** RECORDS FOR THE TASK **
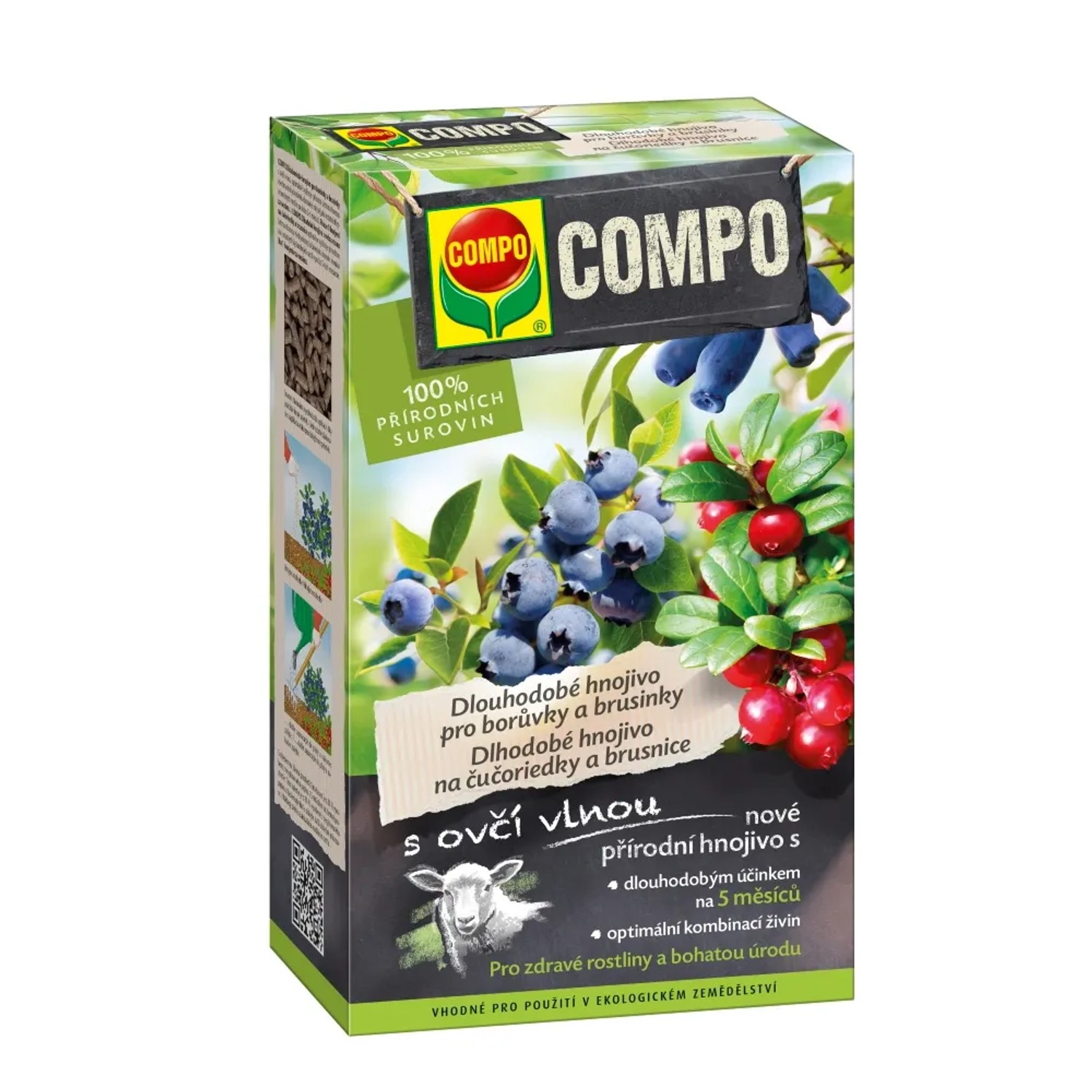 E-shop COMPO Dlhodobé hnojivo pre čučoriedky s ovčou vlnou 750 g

--

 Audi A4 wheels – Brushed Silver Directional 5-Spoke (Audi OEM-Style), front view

==

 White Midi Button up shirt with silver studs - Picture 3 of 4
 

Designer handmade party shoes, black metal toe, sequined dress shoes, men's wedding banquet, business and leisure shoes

** DIRECTIONS **
Return only the stretch of the material above from the line holding "White Midi Button" through the line holding "Designer handmade party", copied exactly.

** ANSWER SECTION **
 White Midi Button up shirt with silver studs - Picture 3 of 4
 

Designer handmade party shoes, black metal toe, sequined dress shoes, men's wedding banquet, business and leisure shoes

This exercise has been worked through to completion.